If there’s anything cruises are most famous for, it’s the nearly unlimited supply of food passengers can enjoy while on board. The new Disney Dream is certainly no exception, featuring three lavish rotational dining restaurants, two up-charge fine dining locations, a casual buffet, and plenty of snacking opportunities. (Chip and Dale even sing about bringin’ on the food during the ship’s sail away party!)
During my 2-night stay aboard the ship on its Christening Cruise, I discovered that these dining options, while beautifully decorated and themed, don’t always offer the best in selection and flavors can vary from wildly exciting to mild and bland. So below I offer my thoughts on each of my dining experiences on the Disney Dream. But please feel free to try the food yourself once on board, as your tastes may differ greatly from mine.
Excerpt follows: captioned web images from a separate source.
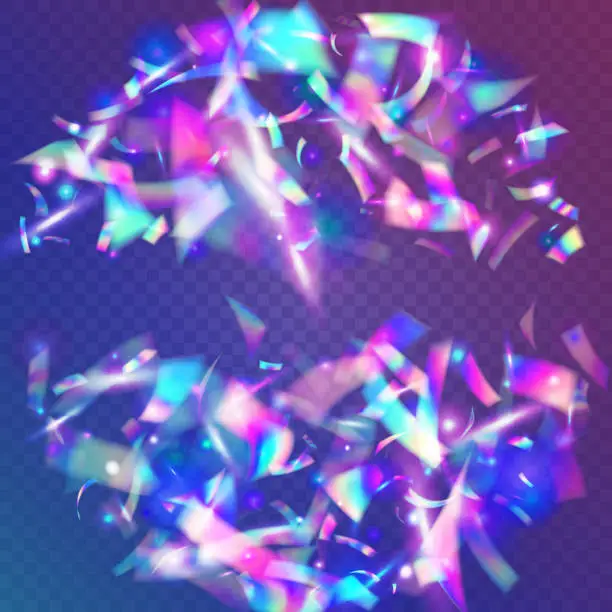 Vector illustration of Bokeh Sparkles. Blur Flyer. Rainbow Effect. Bright Art. Pink Party Confetti. Metal Vaporwave Sunlight. Kaleidoscope Background. Holiday Foil. Violet Bokeh Sparkles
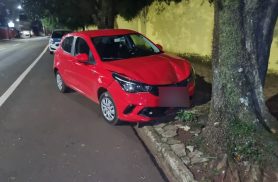 Motorista abandona Fiat Argo após bater contra árvore no Centro de Cascavel
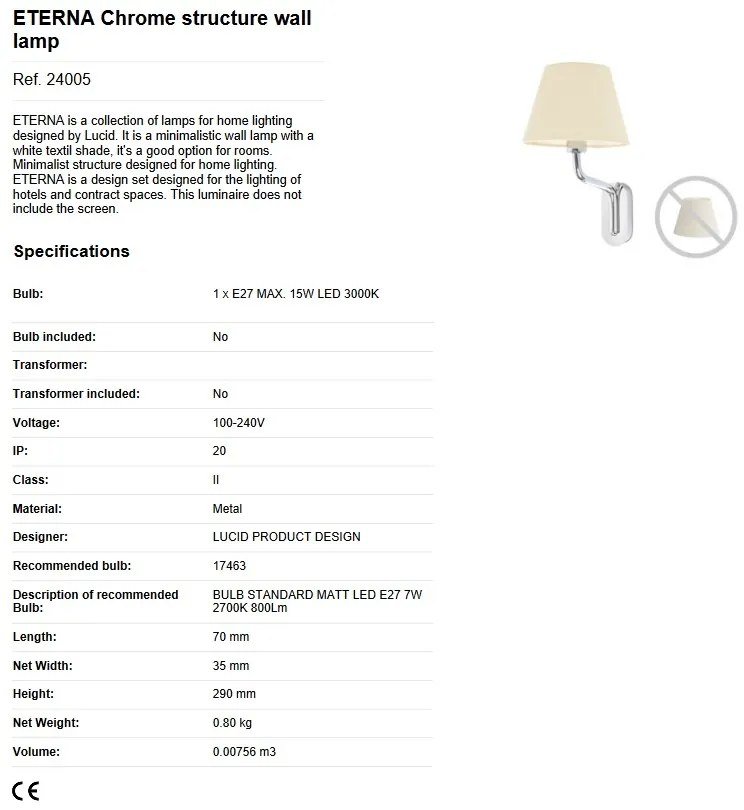 Aplica de perete moderna design elegant ETERNA crom/alb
Included below are thoughts on Cabanas, Animator’s Palate, Enchanted Garden, Royal Palace, Remy, Palo, counter service and lounges, and Cookie’s BBQ on Castaway Cay.
Most voyages aboard the Disney Dream will begin with lunch at Cabanas, the centrally located wrap-around buffet along Deck 11. The food at this buffet varies depending on time of day, but by the time passengers step aboard the ship, it’s time for lunch.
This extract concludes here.